The goal of this thesis is to study the impact of optical nonlinearities on emission characteristics of complex laser systems. Nonlinearities in lasers give rise to spatial hole-burning, or regions of high inversion depletion that result from complex modal interactions that saturate the gain medium. These interactions can result in sub-optimal utilization of the laser gain medium and they can also affect the spectral characteristics of the laser, as studied in the past in simple lasers. Recent advancements in semiconductor technology have made it possible to fabricate microcavity-based lasers with complex geometries that have been studied using the Steady-state Ab Initio Laser Theory (SALT), a modern steady-state reformulation of the Maxwell-Bloch equations. SALT has successfully explained emission properties of various modern lasers but a systematic study of the consequences of spatial hole-burning interactions in complex lasers has not been carried out.

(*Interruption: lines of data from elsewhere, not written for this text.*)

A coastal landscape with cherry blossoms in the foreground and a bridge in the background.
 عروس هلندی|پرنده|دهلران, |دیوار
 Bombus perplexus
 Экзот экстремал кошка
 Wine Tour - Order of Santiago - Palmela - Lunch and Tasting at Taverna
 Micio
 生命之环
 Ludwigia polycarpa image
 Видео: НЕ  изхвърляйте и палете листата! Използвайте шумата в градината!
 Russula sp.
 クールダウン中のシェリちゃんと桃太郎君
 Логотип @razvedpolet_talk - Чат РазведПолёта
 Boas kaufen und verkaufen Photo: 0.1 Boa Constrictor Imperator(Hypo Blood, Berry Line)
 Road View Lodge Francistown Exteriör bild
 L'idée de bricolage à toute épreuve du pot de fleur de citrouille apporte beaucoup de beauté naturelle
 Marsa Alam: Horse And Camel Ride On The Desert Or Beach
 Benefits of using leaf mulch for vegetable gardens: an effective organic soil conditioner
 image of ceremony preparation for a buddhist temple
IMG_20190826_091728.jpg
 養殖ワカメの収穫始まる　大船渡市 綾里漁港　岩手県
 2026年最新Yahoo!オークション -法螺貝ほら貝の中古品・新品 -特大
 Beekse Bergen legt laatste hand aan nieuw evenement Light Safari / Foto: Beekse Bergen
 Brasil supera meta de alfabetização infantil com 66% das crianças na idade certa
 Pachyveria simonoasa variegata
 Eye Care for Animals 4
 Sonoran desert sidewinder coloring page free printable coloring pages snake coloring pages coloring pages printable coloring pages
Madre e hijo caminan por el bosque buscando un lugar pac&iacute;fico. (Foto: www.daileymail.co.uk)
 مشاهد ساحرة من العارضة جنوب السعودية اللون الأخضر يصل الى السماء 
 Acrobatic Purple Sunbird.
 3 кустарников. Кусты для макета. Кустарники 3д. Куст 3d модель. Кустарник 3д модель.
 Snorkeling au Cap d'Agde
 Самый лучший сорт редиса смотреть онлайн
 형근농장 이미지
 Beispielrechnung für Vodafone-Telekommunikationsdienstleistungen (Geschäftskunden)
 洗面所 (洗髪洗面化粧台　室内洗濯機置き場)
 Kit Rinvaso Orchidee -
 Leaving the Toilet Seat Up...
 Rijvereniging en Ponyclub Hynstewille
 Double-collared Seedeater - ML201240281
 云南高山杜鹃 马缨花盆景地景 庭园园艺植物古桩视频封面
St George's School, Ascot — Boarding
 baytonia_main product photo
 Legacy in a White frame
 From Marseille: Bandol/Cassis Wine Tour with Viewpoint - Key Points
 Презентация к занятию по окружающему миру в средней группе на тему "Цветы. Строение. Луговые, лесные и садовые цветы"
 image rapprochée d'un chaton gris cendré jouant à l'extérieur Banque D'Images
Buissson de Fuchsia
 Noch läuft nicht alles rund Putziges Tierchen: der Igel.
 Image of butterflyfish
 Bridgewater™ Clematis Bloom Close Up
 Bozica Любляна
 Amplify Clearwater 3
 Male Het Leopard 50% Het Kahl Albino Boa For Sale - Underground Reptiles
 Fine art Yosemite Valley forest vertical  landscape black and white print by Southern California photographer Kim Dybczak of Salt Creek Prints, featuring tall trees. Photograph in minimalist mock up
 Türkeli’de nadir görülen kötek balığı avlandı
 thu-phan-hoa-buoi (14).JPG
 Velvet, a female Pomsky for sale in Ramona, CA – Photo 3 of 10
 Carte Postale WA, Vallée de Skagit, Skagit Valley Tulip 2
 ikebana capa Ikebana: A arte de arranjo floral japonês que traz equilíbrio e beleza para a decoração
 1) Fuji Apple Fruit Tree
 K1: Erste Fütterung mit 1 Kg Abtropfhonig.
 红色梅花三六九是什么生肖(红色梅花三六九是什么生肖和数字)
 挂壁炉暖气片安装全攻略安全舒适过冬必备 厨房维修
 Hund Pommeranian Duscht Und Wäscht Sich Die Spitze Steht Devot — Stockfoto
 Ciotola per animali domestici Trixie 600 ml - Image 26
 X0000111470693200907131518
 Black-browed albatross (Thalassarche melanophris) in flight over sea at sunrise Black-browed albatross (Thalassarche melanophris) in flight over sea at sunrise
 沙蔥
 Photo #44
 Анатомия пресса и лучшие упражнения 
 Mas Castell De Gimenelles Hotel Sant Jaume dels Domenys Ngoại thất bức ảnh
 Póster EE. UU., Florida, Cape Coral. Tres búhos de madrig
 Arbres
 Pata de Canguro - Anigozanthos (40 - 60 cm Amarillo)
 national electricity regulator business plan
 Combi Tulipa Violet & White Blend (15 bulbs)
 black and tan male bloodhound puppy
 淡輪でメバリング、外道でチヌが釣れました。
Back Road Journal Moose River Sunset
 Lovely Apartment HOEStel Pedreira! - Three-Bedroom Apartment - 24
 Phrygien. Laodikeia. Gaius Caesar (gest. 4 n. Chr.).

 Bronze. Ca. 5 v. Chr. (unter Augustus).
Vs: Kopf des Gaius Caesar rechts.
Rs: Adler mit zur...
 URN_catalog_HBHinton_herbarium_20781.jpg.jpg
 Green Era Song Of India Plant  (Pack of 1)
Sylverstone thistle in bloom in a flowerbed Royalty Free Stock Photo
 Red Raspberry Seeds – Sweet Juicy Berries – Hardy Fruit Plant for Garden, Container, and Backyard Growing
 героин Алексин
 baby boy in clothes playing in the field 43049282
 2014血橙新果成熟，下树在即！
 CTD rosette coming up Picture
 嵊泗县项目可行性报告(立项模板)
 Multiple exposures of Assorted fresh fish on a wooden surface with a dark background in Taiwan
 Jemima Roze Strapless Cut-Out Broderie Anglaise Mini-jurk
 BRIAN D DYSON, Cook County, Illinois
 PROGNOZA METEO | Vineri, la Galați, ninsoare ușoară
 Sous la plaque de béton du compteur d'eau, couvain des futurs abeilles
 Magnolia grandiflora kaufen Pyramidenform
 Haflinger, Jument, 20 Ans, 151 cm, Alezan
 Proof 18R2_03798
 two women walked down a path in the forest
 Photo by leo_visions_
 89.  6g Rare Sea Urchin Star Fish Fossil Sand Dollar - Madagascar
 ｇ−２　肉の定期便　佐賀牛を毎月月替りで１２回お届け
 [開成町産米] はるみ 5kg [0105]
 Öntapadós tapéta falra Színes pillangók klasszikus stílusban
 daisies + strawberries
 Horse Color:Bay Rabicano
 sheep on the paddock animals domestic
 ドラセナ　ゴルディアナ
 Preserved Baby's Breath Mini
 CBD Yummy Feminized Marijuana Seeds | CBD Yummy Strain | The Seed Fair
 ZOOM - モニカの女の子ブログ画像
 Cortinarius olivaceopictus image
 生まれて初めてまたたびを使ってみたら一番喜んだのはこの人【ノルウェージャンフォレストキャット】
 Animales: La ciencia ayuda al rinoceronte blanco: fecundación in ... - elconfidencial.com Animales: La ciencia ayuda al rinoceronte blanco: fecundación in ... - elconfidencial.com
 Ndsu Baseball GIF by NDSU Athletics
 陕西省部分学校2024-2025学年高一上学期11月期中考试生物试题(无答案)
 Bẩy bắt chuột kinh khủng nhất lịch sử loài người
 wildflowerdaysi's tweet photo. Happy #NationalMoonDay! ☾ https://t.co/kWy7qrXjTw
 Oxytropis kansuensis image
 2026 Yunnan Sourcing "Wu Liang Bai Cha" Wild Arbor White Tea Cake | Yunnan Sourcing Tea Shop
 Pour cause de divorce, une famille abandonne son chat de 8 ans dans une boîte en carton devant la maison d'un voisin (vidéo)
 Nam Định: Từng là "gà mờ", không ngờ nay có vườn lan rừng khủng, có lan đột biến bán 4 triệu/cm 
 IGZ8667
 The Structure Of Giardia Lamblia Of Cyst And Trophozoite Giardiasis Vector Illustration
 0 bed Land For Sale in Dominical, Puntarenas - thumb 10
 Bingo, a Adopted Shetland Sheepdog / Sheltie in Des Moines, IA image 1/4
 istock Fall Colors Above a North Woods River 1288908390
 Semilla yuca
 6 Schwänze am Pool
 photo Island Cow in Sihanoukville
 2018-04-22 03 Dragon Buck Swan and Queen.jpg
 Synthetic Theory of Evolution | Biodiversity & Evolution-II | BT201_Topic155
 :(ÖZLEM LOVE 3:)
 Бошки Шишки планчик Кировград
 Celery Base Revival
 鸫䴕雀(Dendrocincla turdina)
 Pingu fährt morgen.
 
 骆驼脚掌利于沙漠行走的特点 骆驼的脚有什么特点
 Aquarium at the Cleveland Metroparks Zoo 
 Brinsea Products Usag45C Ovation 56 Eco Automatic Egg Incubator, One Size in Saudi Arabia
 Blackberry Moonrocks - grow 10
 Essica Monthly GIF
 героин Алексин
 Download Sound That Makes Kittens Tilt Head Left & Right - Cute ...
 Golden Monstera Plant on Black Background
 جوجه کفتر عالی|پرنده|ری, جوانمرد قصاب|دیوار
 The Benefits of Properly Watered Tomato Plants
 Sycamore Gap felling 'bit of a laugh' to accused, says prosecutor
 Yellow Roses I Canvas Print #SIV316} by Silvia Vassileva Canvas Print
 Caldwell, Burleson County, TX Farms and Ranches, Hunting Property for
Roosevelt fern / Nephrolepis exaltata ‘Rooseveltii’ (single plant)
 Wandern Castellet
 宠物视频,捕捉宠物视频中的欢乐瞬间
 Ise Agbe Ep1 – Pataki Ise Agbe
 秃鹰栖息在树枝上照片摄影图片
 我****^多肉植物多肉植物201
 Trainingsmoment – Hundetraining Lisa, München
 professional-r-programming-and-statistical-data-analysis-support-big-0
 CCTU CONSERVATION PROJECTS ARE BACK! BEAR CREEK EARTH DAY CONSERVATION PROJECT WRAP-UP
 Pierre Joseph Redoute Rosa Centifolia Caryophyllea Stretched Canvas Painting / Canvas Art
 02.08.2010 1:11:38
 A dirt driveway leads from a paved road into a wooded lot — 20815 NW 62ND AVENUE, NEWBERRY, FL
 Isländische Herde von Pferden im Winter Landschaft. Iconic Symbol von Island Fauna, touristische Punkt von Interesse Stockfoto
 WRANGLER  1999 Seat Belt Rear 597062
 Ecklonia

Here, we report that spatial hole-burning interactions generally reduce the output power efficiency and that they can be gainfully controlled using spatially selective pumping to reduce the lasing threshold, improve laser spectral characteristics, and enhance output power efficiency, in some cases by orders of magnitude. In addition to this steady-state study of spatial hole-burning nonlinearities, we also study four-wave mixing nonlinearities that manifest in the dynamical regime. SALT fundamentally neglects dynamical effects, a limitation we overcome by developing the Constant Flux Time Domain (CFTD) method, an efficient solver of the Maxwell-Bloch equations that can simulate time-dependent behavior in open laser systems. Using CFTD, we study mode synchronization and frequency comb generation, quantifying the role of the inversion relaxation rate γ∥ and the cavity free spectral range ∆, on dynamical effects. In the steady-state, correspondence between SALT and CFTD is shown and their divergence in the dynamical regime is explained through the parameter γ∥/∆. In the highly multi-modal regime, we simulate the emergence of frequency combs in a parameter regime applicable to quantum cascade lasers (QCLs), recovering the hysteresis seen in experiments, and we predict sudden frequency-comb formation from within plateaus of chaotic behavior.